What you should do —
Once the pictures are set aside, transcribe each line of the listing exactly.

Input data START

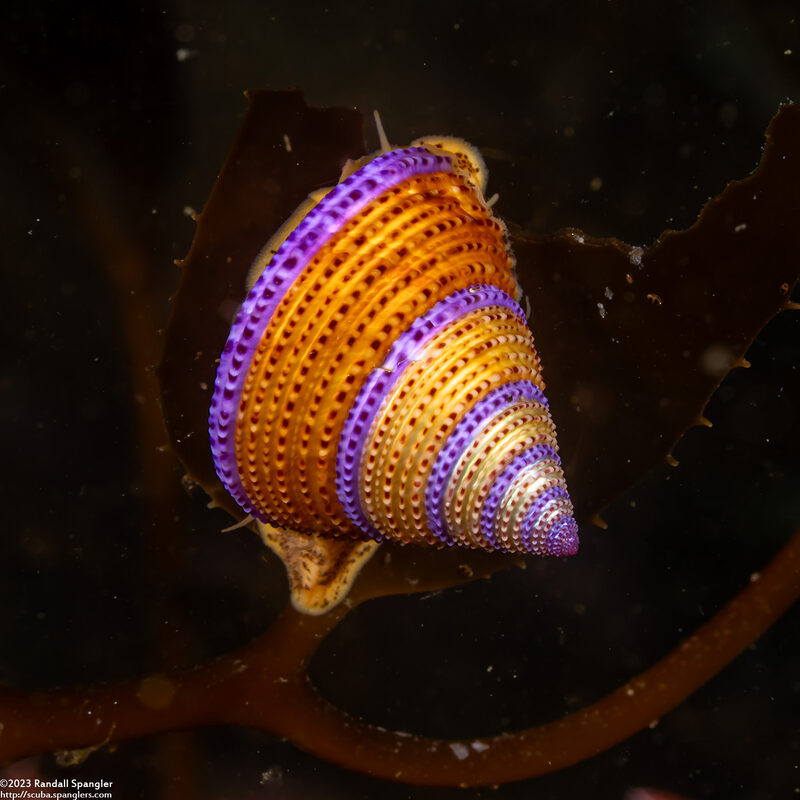 Calliostoma annulatum (Blue-Ring Top Snail)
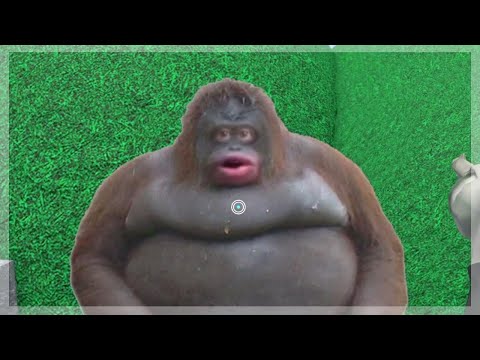 Monke - Monke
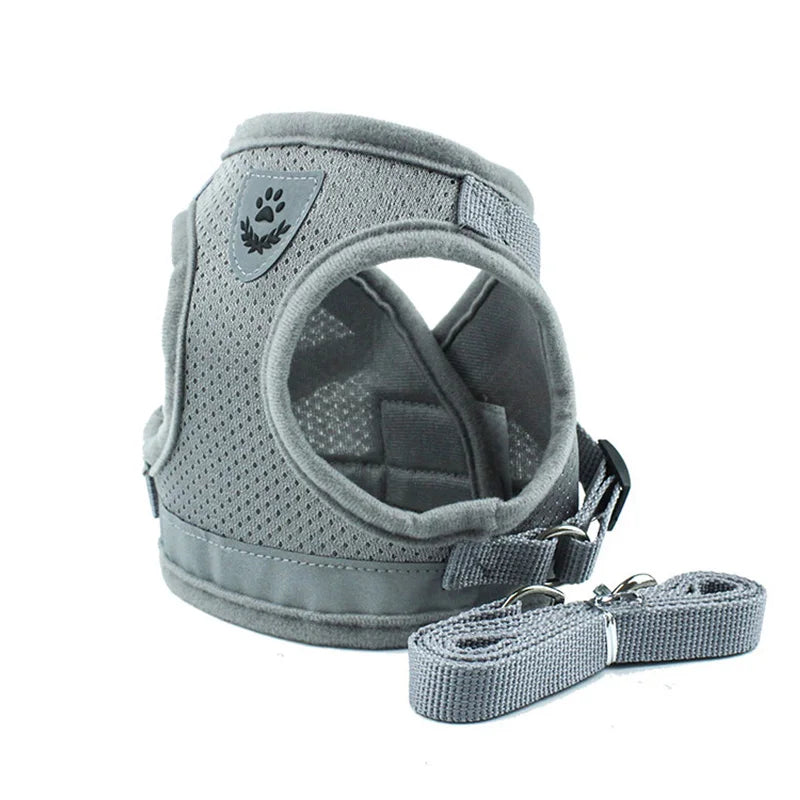 Summer Pet Dog Vest Harness and Leash Sets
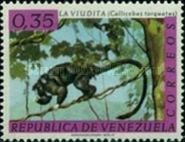Black Titi (Callicebus torquatus)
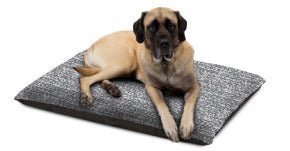 Carpenter Pet Bed Knife-Edge Pillow Quinn Assorted Colors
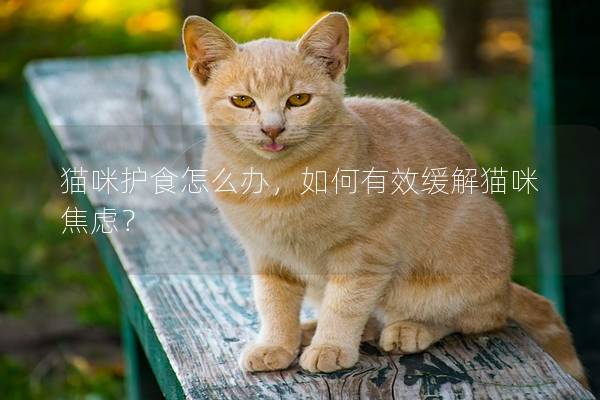 猫咪护食怎么办，如何有效缓解猫咪焦虑？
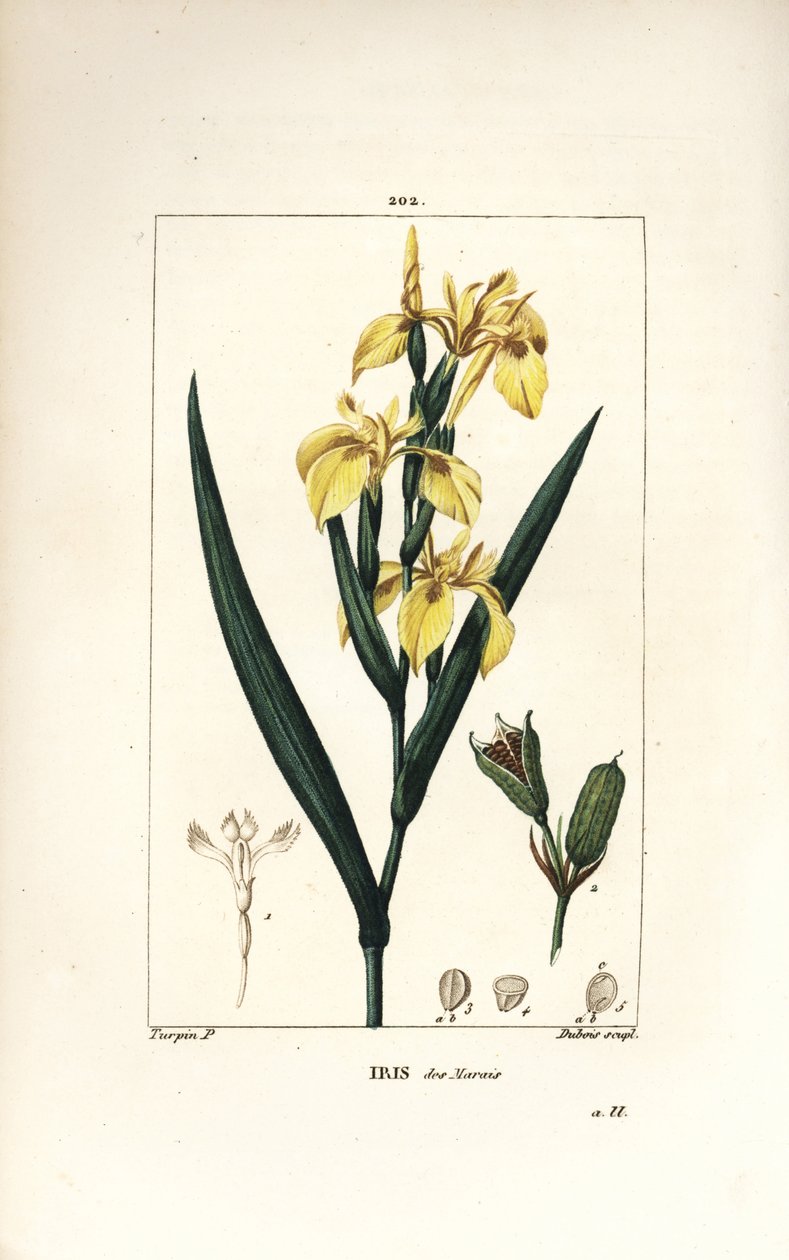 Marsh Iris eller Water Yellow Iris - Gul iris, Iris palustris lutea, blomst, blad og frøbelg. Håndfarget kobberstikk av Lambert Junior fra en tegning av Pierre Jean-Francois Turpin fra Chaumeton, Poiret og Chamberets "" La Flore Me av Pierre Jean Francois Turpin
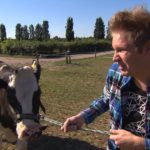 Ole geht immer mehr in seinem Rinder-Projekt auf und hat bereits eine Webseite eingerichtet. (Quelle: RTL 2)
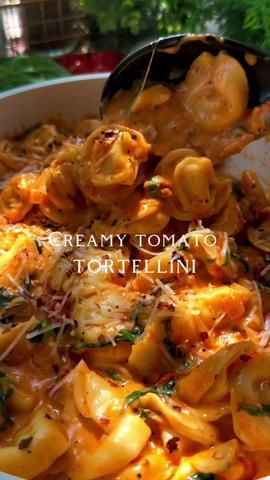 Grilled chicken Alfredo pasta is a delicious and popular dish that com... | chicken alfredo pasta | TikTok Broccoli Mac And Cheese Recipe, Creamy Tomato Tortellini, Boil Cook, Tomato Tortellini, Fettuccine Recipes, Roasted Tomato Sauce, Tortellini Pasta, Seasoning Salt, Sun Dried Tomatoes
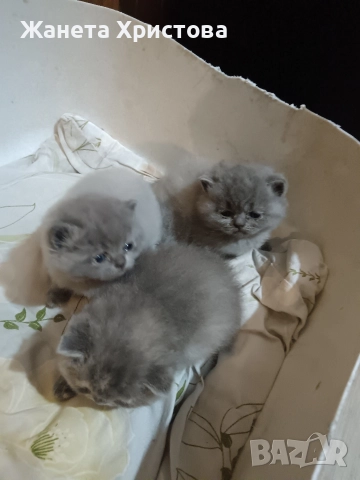 Продавам малки британски късокосмести котета , снимка 3 - Британска късокосместа - 52885208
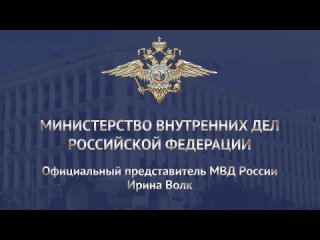 Ирина Волк:Пресечена деятельность группы, совершавшей махинации с материнским и земельным капиталами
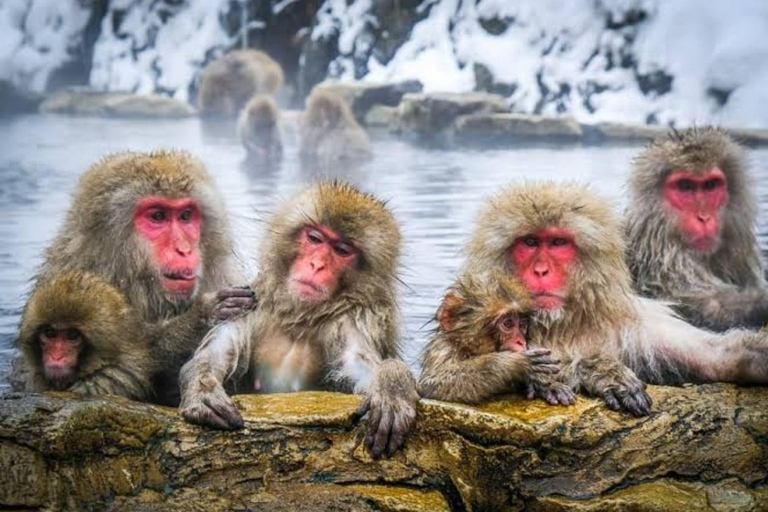 Tokyo To Nagano (Snow Monkey Zenkoji Temple Private Tour)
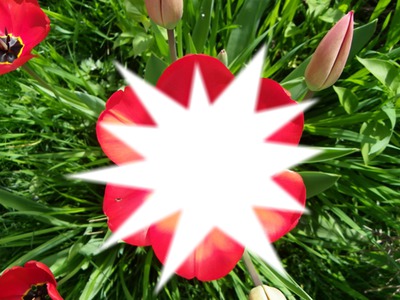 tulipe brisée Fotomontaža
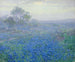 Pojedynczy pochmurny dzień, niebieskie bonny w pobliżu San Antonio, Teksas - Julian Onderdonk — widok dzieła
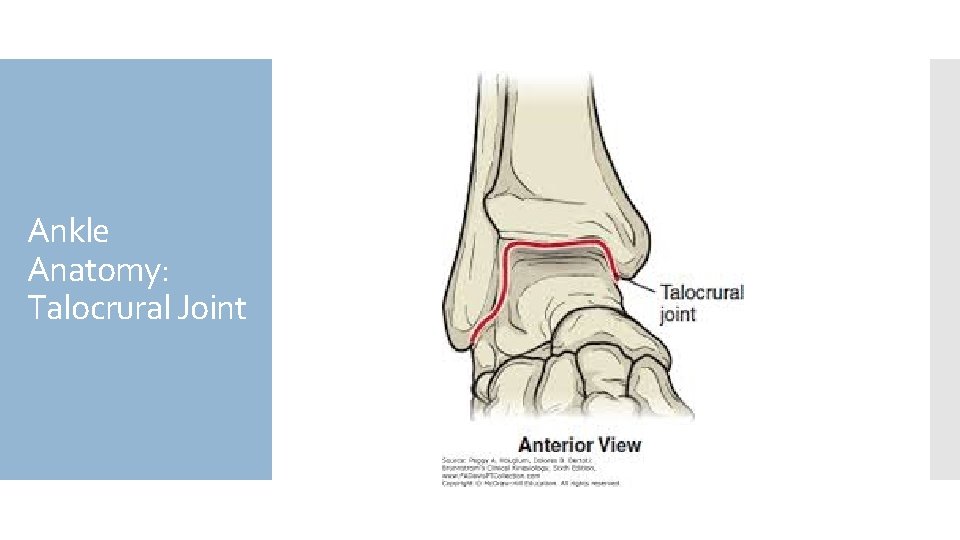 Ankle Anatomy: Talocrural Joint 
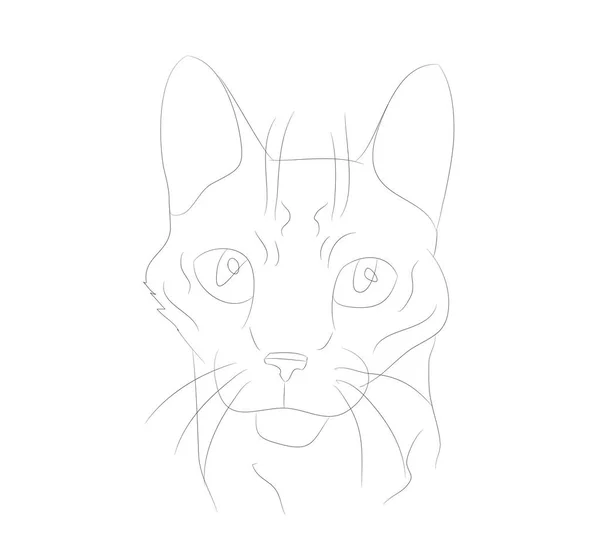 Vektor Illustration Katzenporträt, Linien, Vektor — Stockvektor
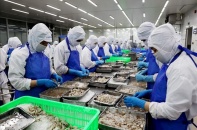 Xúc tiến thương mại và đầu tư với thị trường Hàn Quốc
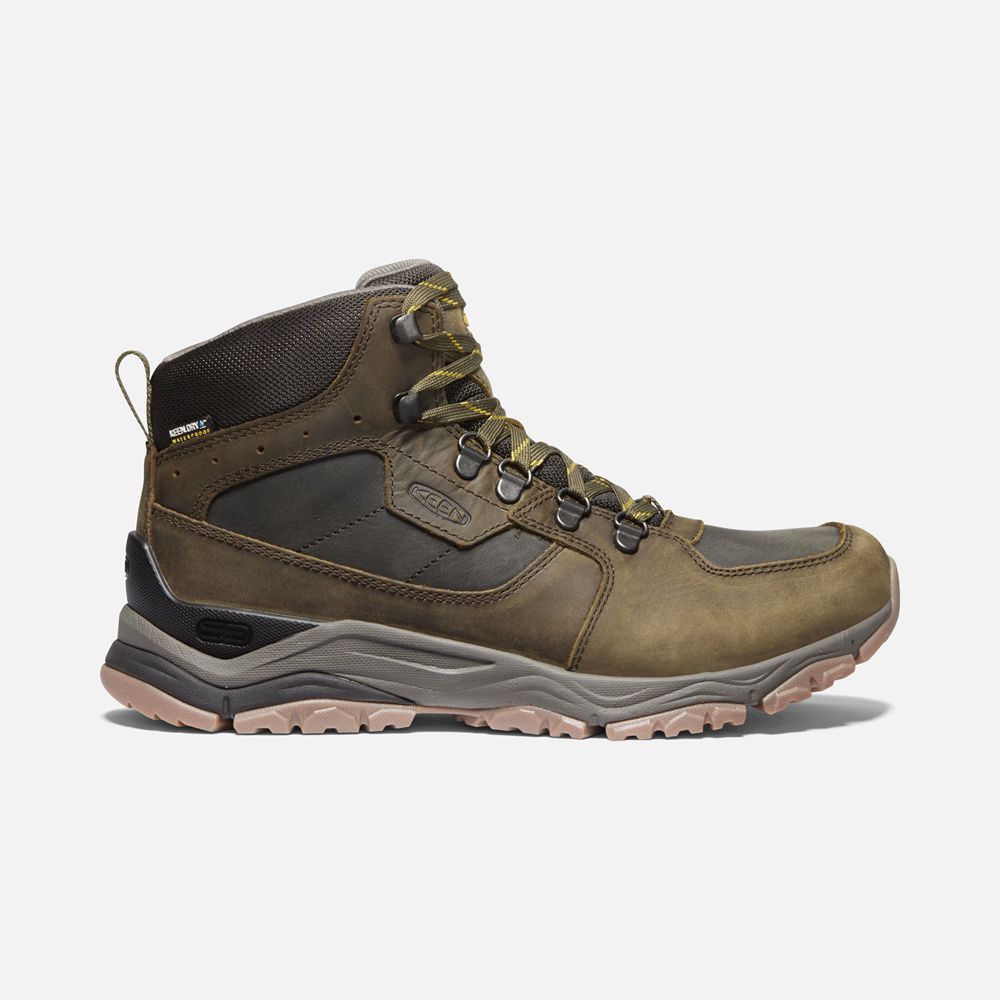 Keen Vandringskängor Herr Olivgröna - Innate Läder Waterproof - 093568SIK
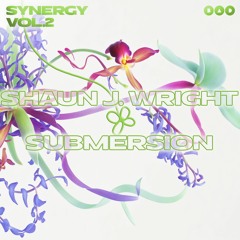 Shaun J. Wright - Submersion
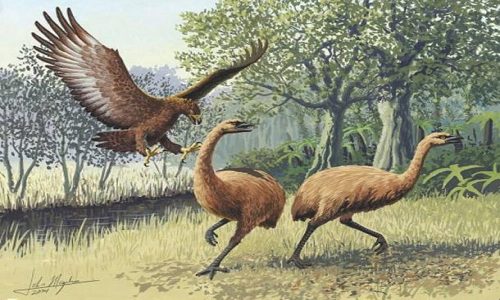 Discovery of a 3,300-year-old claw from a wingless prehistoric bird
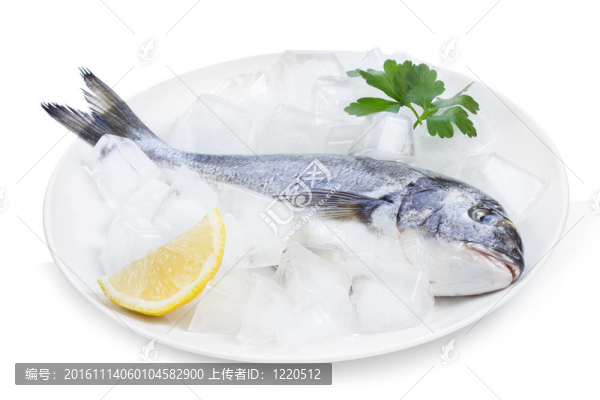 多拉多冰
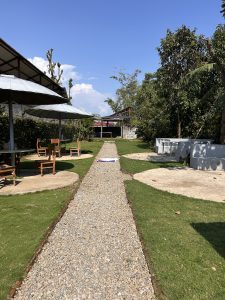 A pathway made of small stones runs through a landscaped garden.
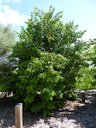 'Sri Kembangem' carambola tree habit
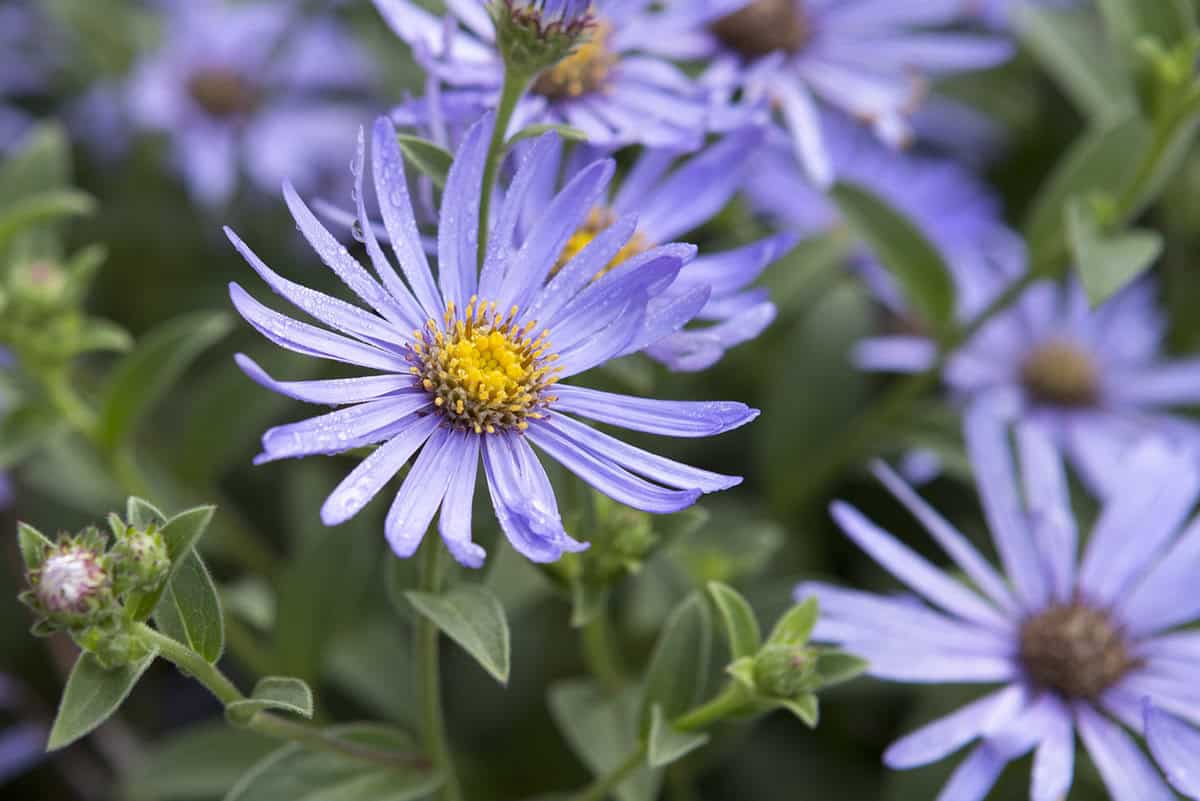 Het bloemhoofd van een lila bloem: de aster.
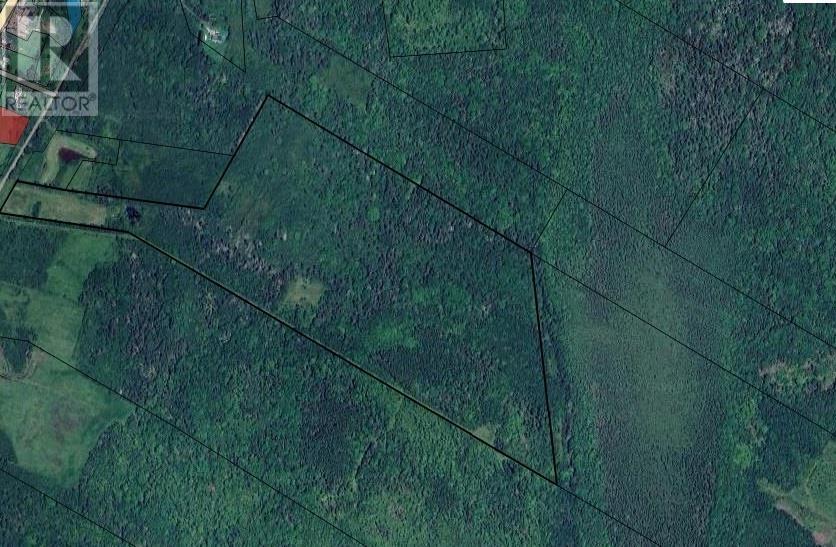 Lot Highway 340, South Ohio, Nova Scotia  B5A 5N1 - Photo 10 - 202418109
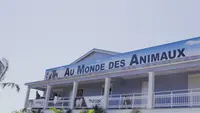Animal City-rivière des Pluies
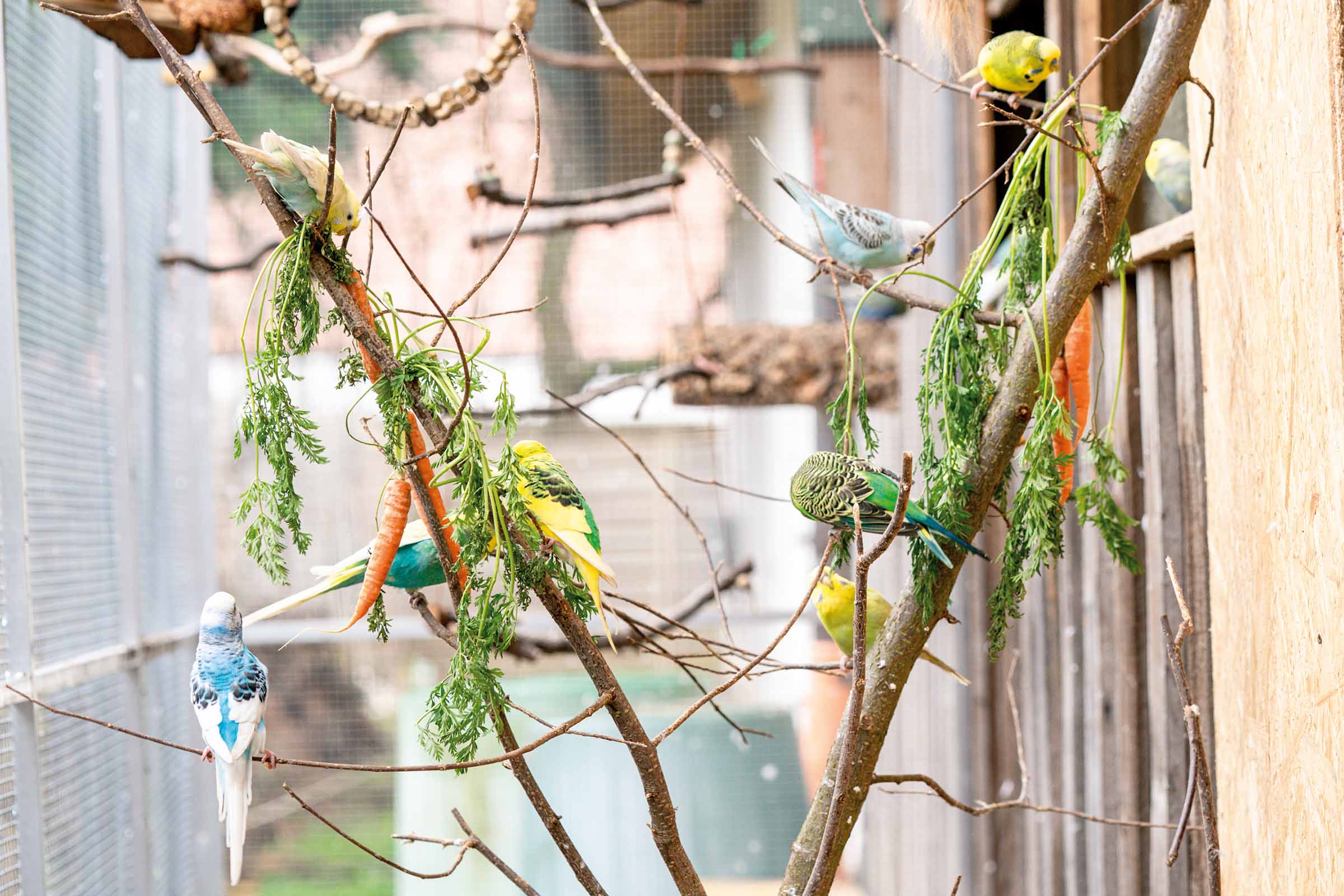 Wellensittiche sitzen auf Ästen mit Karotten in einer Vogelvoliere.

Input data END

Response area —
 Calliostoma annulatum (Blue-Ring Top Snail)
 Monke - Monke
 Summer Pet Dog Vest Harness and Leash Sets
Black Titi (Callicebus torquatus)
 Carpenter Pet Bed Knife-Edge Pillow Quinn Assorted Colors
 猫咪护食怎么办，如何有效缓解猫咪焦虑？
 Marsh Iris eller Water Yellow Iris - Gul iris, Iris palustris lutea, blomst, blad og frøbelg. Håndfarget kobberstikk av Lambert Junior fra en tegning av Pierre Jean-Francois Turpin fra Chaumeton, Poiret og Chamberets "" La Flore Me av Pierre Jean Francois Turpin
 Ole geht immer mehr in seinem Rinder-Projekt auf und hat bereits eine Webseite eingerichtet. (Quelle: RTL 2)
 Grilled chicken Alfredo pasta is a delicious and popular dish that com... | chicken alfredo pasta | TikTok Broccoli Mac And Cheese Recipe, Creamy Tomato Tortellini, Boil Cook, Tomato Tortellini, Fettuccine Recipes, Roasted Tomato Sauce, Tortellini Pasta, Seasoning Salt, Sun Dried Tomatoes
 Продавам малки британски късокосмести котета , снимка 3 - Британска късокосместа - 52885208
 Ирина Волк:Пресечена деятельность группы, совершавшей махинации с материнским и земельным капиталами
 Tokyo To Nagano (Snow Monkey Zenkoji Temple Private Tour)
 tulipe brisée Fotomontaža
 Pojedynczy pochmurny dzień, niebieskie bonny w pobliżu San Antonio, Teksas - Julian Onderdonk — widok dzieła
 Ankle Anatomy: Talocrural Joint 
 Vektor Illustration Katzenporträt, Linien, Vektor — Stockvektor
 Xúc tiến thương mại và đầu tư với thị trường Hàn Quốc
 Keen Vandringskängor Herr Olivgröna - Innate Läder Waterproof - 093568SIK
 Shaun J. Wright - Submersion
 Discovery of a 3,300-year-old claw from a wingless prehistoric bird
 多拉多冰
 A pathway made of small stones runs through a landscaped garden.
 'Sri Kembangem' carambola tree habit
 Het bloemhoofd van een lila bloem: de aster.
 Lot Highway 340, South Ohio, Nova Scotia  B5A 5N1 - Photo 10 - 202418109
Animal City-rivière des Pluies
 Wellensittiche sitzen auf Ästen mit Karotten in einer Vogelvoliere.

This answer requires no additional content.